The point here is not that the backers were wrong about the bill--even though in 1996, for example, there were a record 1,300,000 naturalizations and perhaps 90 percent of the new citizens were non-white. The point is that "diversity" of the kind that immigration is now said to bless us with was never even hinted at as one of the law's benefits.
No one dreamed that in just 20 years ten percent of the entire population of El Salvador would have moved to the United States or that millions of mostly Hispanic and Asian immigrants would threaten to reduce whites to a racial minority in California by 1998. In 1965, before the discovery that "diversity is our strength," most people would have been shocked by the thought of such population changes.
Today, the intellectual climate is different, but in entirely predictable ways. "Racism" looms ever larger as the greatest moral offense a white person can commit, and anyone who opposes the arrival of yet more non-whites cannot but be "racist." There is therefore no longer any moral basis for opposing the prospect of minority status for whites, and what would have been an unthinkable prospect before 1965 must now be seen as an exciting opportunity. Thus did diversity become a "strength," despite the suspension of disbelief required to think it so.
This is a perfect example of an assertion, for purely ideological reasons, of something obviously untrue. Like the equality of the races, the equivalence of the sexes, the unimportance of heredity, the normalcy of homosexuality, and the insignificance of physical or mental handicap, the strength of diversity is one of a whole series of monstrous absurdities on which liberalism depends.

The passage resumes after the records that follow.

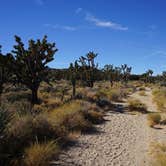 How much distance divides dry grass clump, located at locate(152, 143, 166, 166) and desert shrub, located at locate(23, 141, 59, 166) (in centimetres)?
286

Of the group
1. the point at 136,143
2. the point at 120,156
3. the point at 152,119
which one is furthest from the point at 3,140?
the point at 152,119

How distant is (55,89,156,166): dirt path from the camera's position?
24.2 ft

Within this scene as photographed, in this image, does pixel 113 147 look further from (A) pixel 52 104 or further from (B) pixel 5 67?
(B) pixel 5 67

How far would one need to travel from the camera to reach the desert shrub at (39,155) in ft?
20.3

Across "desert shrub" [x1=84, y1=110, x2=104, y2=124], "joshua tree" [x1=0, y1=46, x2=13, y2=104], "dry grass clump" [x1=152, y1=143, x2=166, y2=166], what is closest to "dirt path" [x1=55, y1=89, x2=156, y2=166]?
"dry grass clump" [x1=152, y1=143, x2=166, y2=166]

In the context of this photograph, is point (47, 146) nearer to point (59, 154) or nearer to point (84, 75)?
point (59, 154)

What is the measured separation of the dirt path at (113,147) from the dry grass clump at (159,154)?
265 mm

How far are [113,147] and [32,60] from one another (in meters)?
10.6

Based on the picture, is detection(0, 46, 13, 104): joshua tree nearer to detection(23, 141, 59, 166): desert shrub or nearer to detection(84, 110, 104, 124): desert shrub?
detection(84, 110, 104, 124): desert shrub

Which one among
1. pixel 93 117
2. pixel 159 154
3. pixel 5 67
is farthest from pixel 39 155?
pixel 5 67

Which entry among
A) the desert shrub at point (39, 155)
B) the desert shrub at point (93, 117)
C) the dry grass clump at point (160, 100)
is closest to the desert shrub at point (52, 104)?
the desert shrub at point (93, 117)

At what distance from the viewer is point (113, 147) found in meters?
8.98

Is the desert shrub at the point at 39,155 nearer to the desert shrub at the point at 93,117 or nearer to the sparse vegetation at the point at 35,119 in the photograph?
the sparse vegetation at the point at 35,119

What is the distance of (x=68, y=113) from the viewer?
38.8 ft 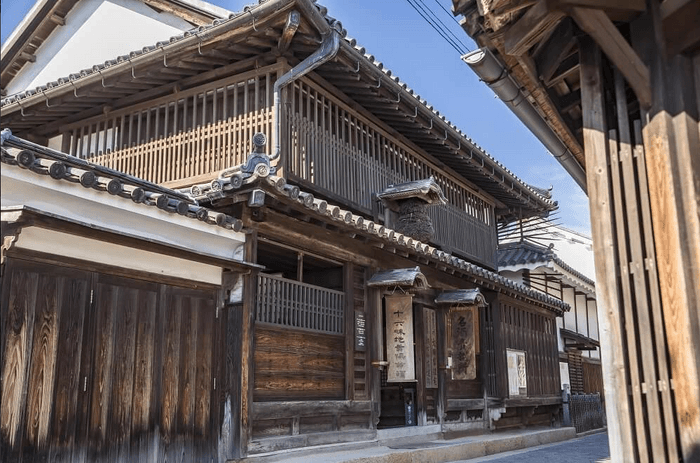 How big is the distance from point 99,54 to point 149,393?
1004 cm

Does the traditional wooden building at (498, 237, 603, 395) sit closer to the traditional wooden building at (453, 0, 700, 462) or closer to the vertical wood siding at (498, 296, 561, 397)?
the vertical wood siding at (498, 296, 561, 397)

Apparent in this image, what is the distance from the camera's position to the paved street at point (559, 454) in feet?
42.8

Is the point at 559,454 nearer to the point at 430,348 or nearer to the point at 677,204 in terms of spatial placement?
the point at 430,348

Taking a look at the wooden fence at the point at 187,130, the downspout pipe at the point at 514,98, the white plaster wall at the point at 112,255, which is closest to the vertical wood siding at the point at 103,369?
the white plaster wall at the point at 112,255

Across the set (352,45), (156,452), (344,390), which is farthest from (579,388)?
(156,452)

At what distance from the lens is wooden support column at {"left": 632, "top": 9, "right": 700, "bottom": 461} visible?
476 centimetres

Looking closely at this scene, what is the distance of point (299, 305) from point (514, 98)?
5423mm

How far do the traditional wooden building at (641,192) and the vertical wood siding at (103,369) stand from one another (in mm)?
5153

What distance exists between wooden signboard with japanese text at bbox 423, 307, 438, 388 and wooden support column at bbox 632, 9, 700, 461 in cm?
967

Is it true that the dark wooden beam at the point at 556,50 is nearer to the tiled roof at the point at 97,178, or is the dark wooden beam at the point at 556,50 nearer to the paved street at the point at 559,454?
the tiled roof at the point at 97,178

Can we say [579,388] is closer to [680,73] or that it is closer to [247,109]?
[247,109]

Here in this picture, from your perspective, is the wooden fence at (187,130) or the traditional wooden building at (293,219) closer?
the traditional wooden building at (293,219)

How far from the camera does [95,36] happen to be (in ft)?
51.0

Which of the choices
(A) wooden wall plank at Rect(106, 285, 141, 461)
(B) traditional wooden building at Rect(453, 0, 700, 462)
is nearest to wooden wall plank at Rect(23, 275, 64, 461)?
(A) wooden wall plank at Rect(106, 285, 141, 461)
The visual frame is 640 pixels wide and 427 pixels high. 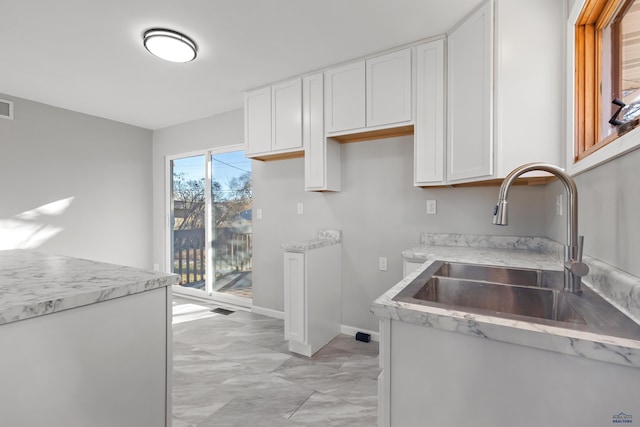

Having started with race, diversity now includes just about anything. Feminists, angry people in wheel chairs, AIDS carriers, militant homosexuals, and people who would rather speak Spanish than English have all taken much of their style and impetus from the civil rights movement. Demands for "inclusiveness" almost always include the language of grievance and compensation pioneered by blacks. Fat people fight discrimination, ugly people struggle against "lookism," and at least one local government has required that the stage set for a strip tease show be wheel-chair accessible. Anyone who opposes the glorification of the alien, the abnormal, and the inferior can be denounced with much fanfare and a huge sense of superiority. The metastasis of diversity is a fascinating story, but the disease began with race.
Occasionally a mainstream author sniffs around the edges of the population problem. At some risk to his professional respectability, columnist Scott McConnell of the New York Post has pointed out that if it will be such a good thing for whites to become a minority, there is no reason to wait until the next century. We could throw open the borders right now and become a minority in just a few years. "Why deny ourselves and our children the great benefits of Third Worldism that we are planning for our grandchildren?" he asks.